FIG. 1 shows ring power supplies and a power supply wiring arrangement between an IO and the ring power supplies of a conventional semiconductor integrated circuit. Referring to FIG. 1, ring power supplies 3 and 4 are positioned such that the ring power supplies 3 and 4 are surrounded by an IO terminal region 1. The vertical direction ring power supplies 3 and the horizontal direction ring power supplies 4 are connected each other by vias (contacts) 5. Here, the inner ring is designated as VDD and the outer ring is designated as VSS. However, VDD and VSS may be reversed. In order to avoid a short circuit, a layer of a power supply wire 7 connecting the vertical direction ring power supply 3 with a power supply (VDD) terminal 2 is formed of a layer different from a layer of the vertical direction ring power supply 3. Likewise, in order to avoid a short circuit, a layer of a power supply wire 6 connecting the horizontal direction ring power supply 4 with another power supply (VDD) terminal is formed of a layer different from a layer of the horizontal direction ring power supply 4.
In FIG. 1, the layer of the vertical direction ring power supply is designated, for example, as Mx, and the layer of the horizontal direction ring power supply is designated, for example, as Mx−1. In this case, in order to avoid a short circuit, the power supply wire 7 connected between the IO and the vertical direction ring power supply (Mx) is the layer designated as Mx−1, and the power supply wire 6 connected between the IO and the horizontal direction ring power supply (Mx−1) is the layer designated as Mx.
As to the current threshold value of each layer, an upper layer generally has a current threshold value higher than that of a lower layer (Mx>Mx−1).

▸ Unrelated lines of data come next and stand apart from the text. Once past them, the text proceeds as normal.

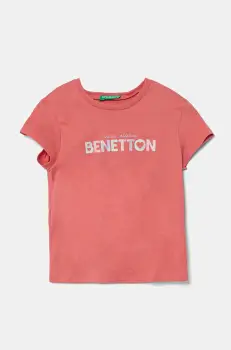 United Colors of Benetton tricou de bumbac pentru copii culoarea roz, 3I1XG10HU imagine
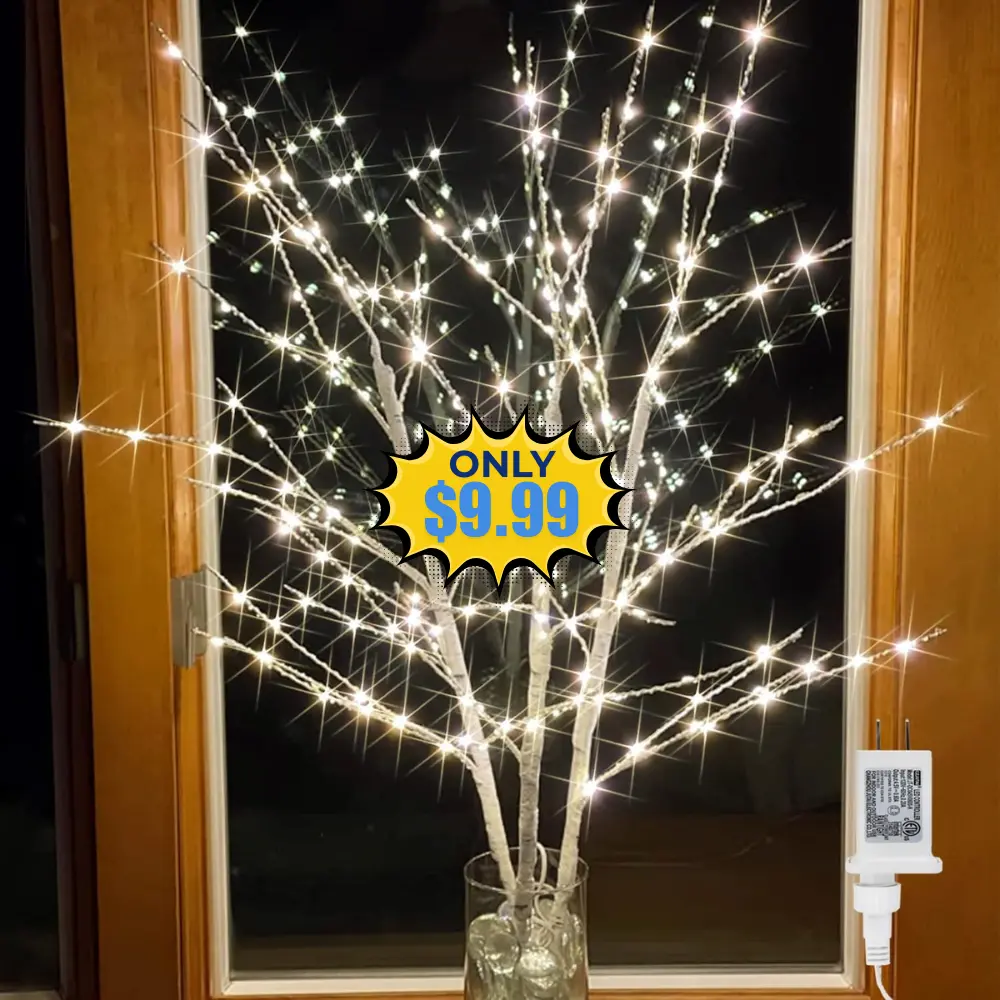 Bexdir Lighted Birch White Tree Branches Deal: Save 33%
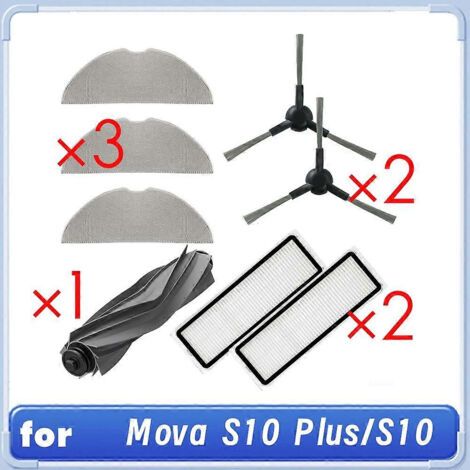LAN Pièces de rechange pour aspirateur robot Mova S10 Plus/S10 : brosse latérale rotative, filtre HEPA et lingette de nettoyage (1/5)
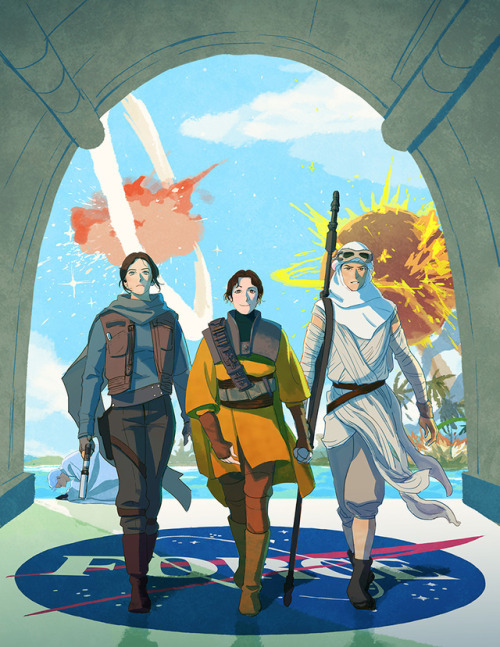 middle-sinclair: It’s a little late, but May the force be with you all!  Jin, Leia, Rey a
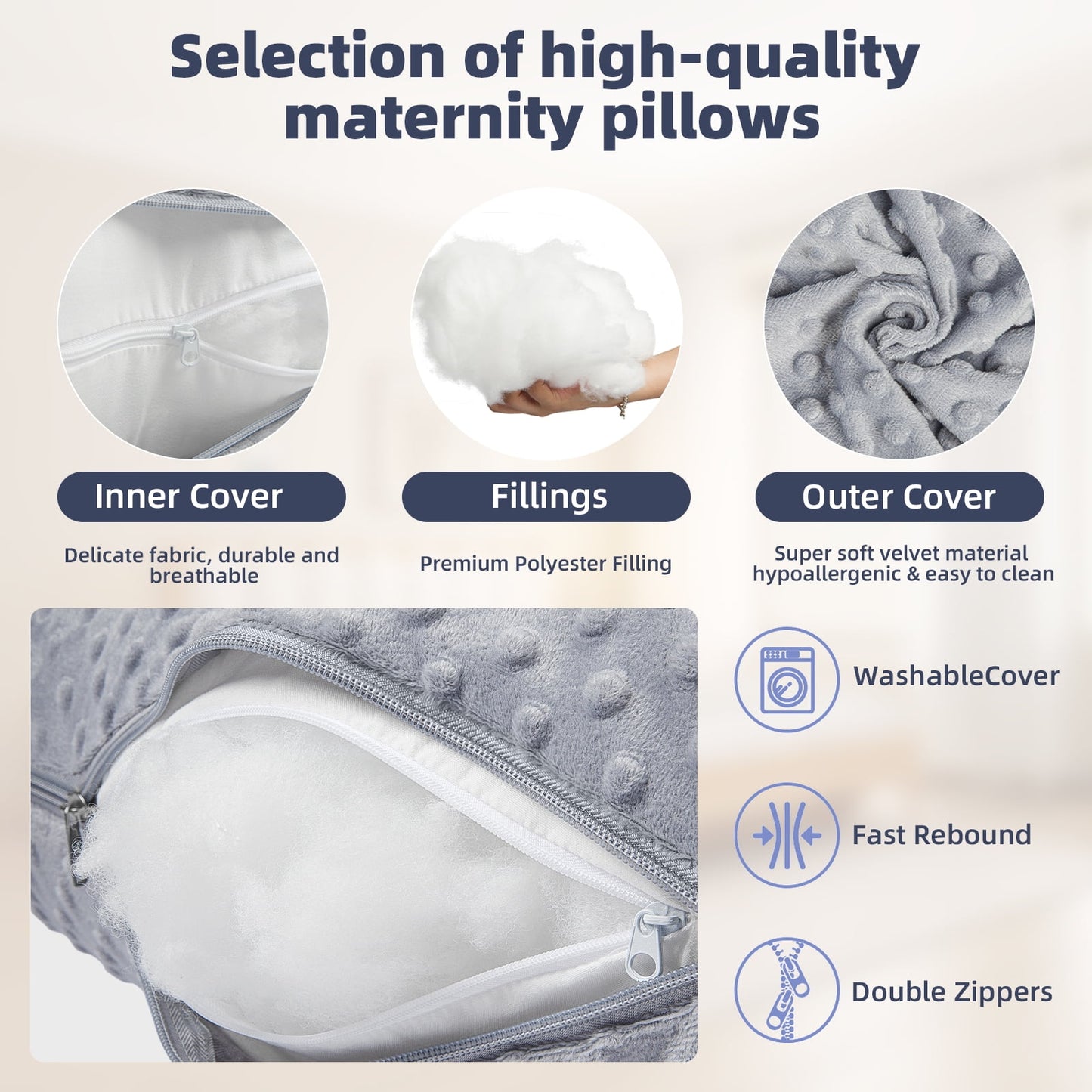 TORIO U-Shaped Pregnancy Pillow, Full Body Support for Pregnant Women, Relieves Back & Leg Pain, Perfect for Side, Stomach & Back Sleepers, Gray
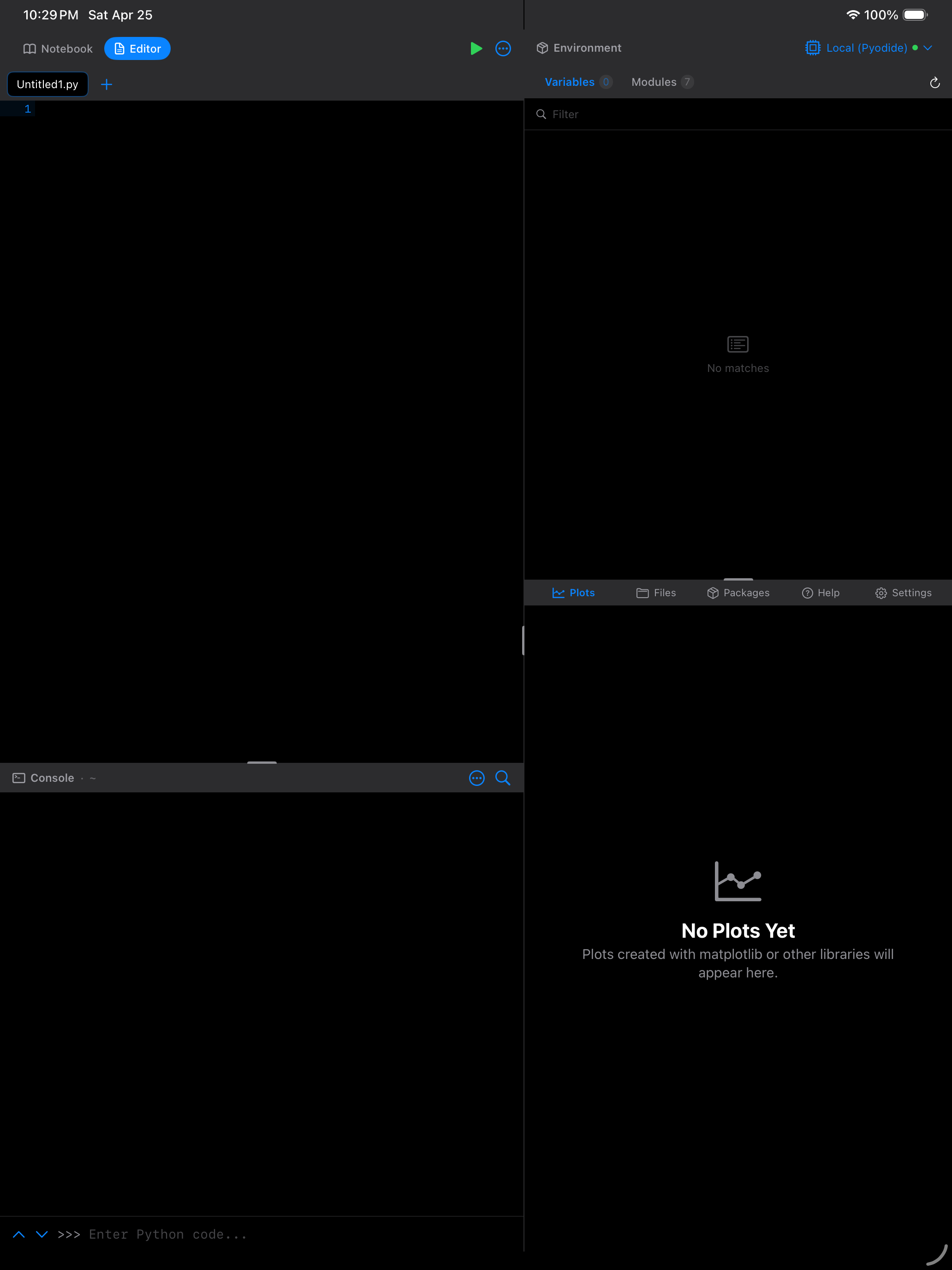 iPad notebook cell with help(list) in dark mode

Therefore, the power supply wire through which the greatest magnitude of current flows between the IO and the ring power supply must be the upper layer. Otherwise, a current exceeding the current threshold value flows through the power supply wire. Consequently, EM may occur which causes breaking of wire (In FIG. 1, a critical part where breaking of wire may occur is indicated by reference number 7).
In order to cope with this problem, following measures against EM have been taken: broadening the width of a wire between the IO and the ring power supply, and increasing the number of vias.

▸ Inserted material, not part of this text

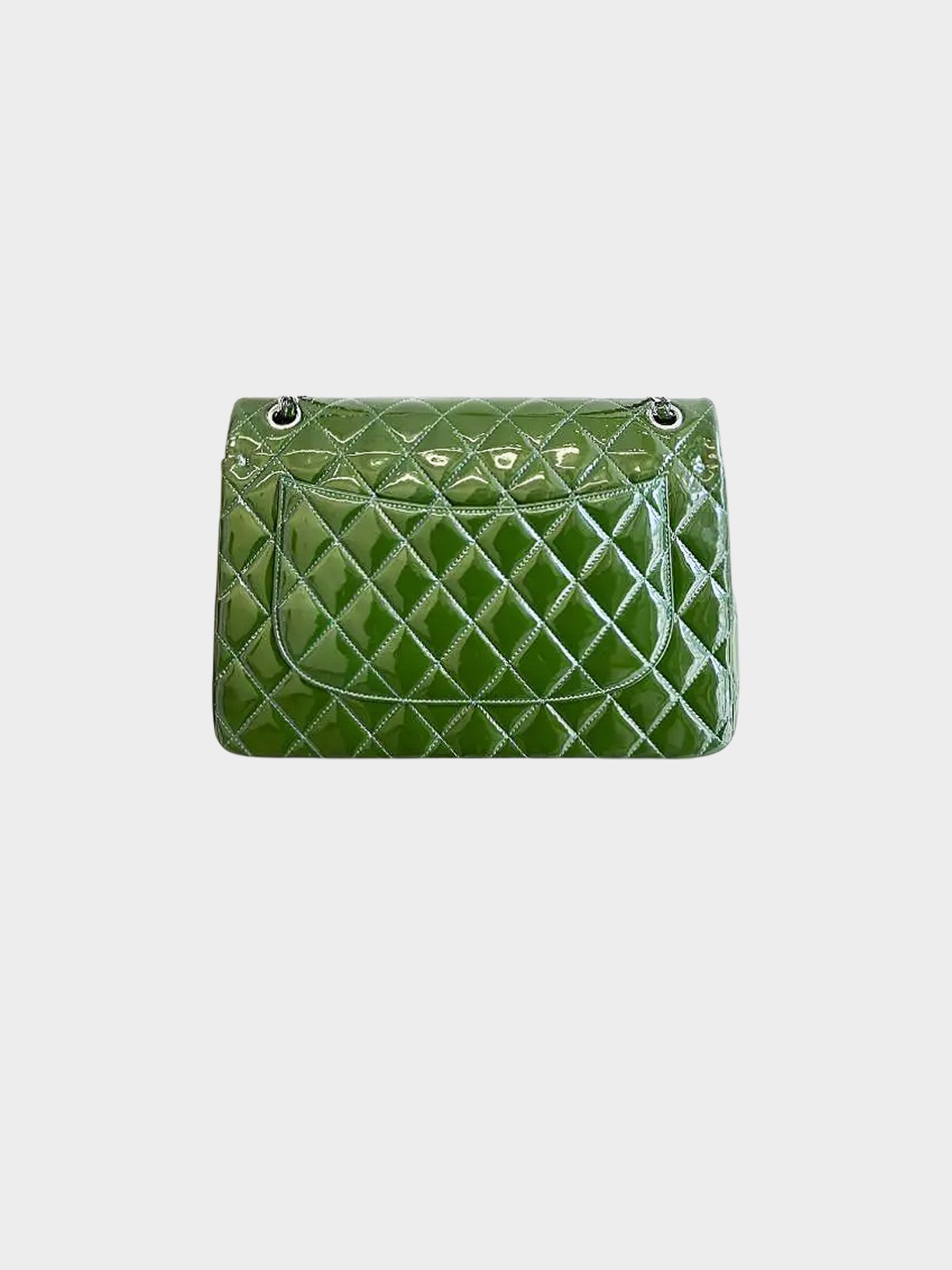 Chanel 2011 Olive Green Patent Leather Jumbo Double Flap Bag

Meanwhile, the maximum wire width of each layer reduces as process miniaturization advances. Therefore, a plurality of thin power supplies are generally arranged in mesh form. Considering the worker-hour, it has been common that a mesh power supply and a strap power supply have a constant pitch (see Japanese Laid-Open Patent Publication No. 7-283378).

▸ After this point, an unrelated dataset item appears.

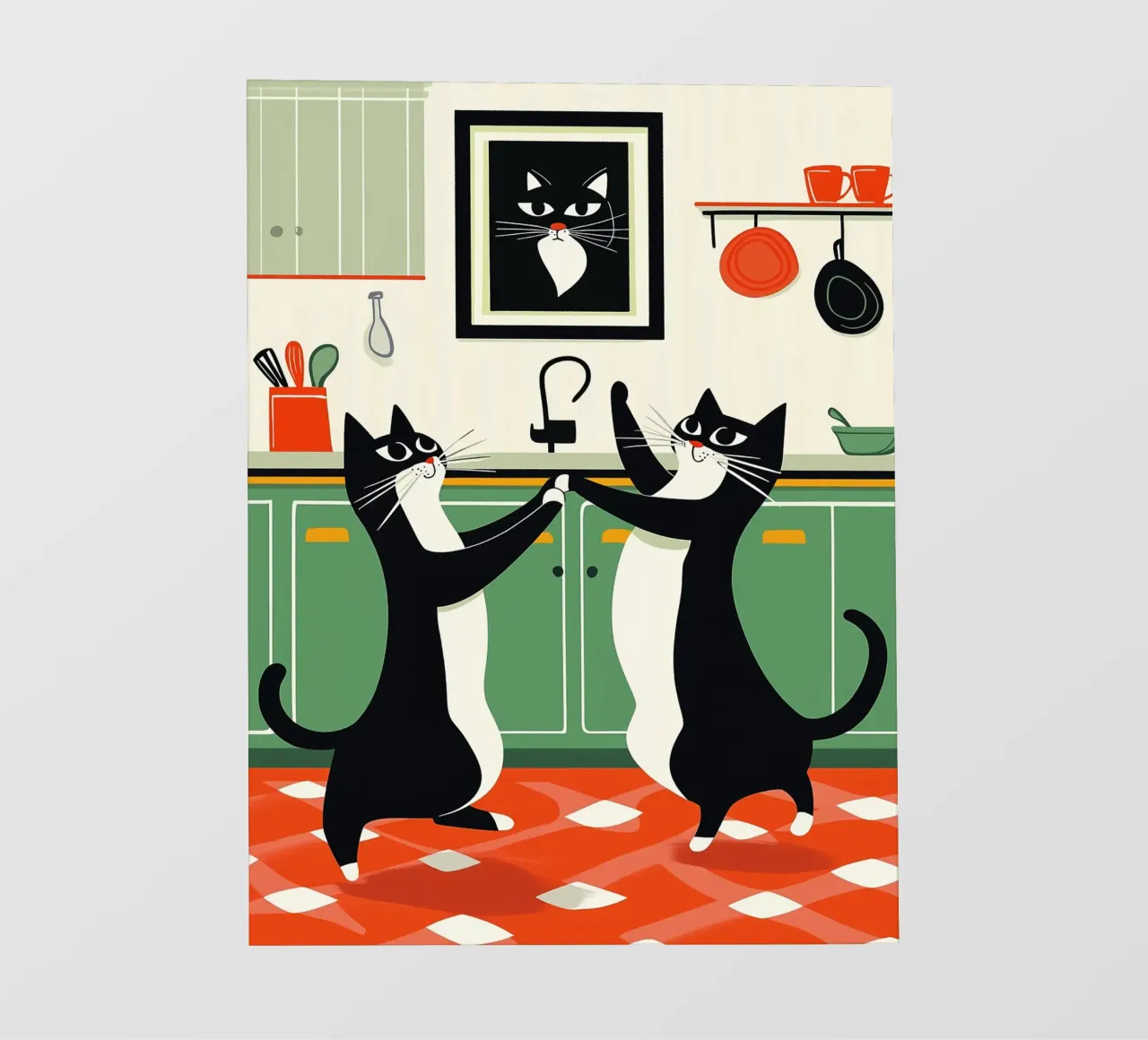Gatti ballerini in cucina telo in pvc da Damion Francis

In this case, an arrangement position of a macro, a power supply arrangement inside the macro or the like causes a part to where a sufficient number of contacts can not be provided. Also in such case where the sufficient number of contacts can not be provided, the current threshold value of the via is exceeded. Consequently, the possibility of the EM incidence increases.
To cope with the problem, it has been proposed that the via is provided with a reservoir as a measure against EM (see Japanese Laid-Open Patent Publication No. 2003-318260).
In recent years, semiconductor process miniaturization has been rapidly increasing the number of circuits (functions) integrated on a chip. However, decrease in the number of terminals is slower than increase in circuit integrity resulting from the process miniaturization. Therefore, the number of cases is increasing that the number of terminals determines the chip size.
In many cases, the number of power supply terminals is reduced in order to reduce the total number of terminals. When the number of power supply terminals is reduced, problems arise such as voltage drop and EM.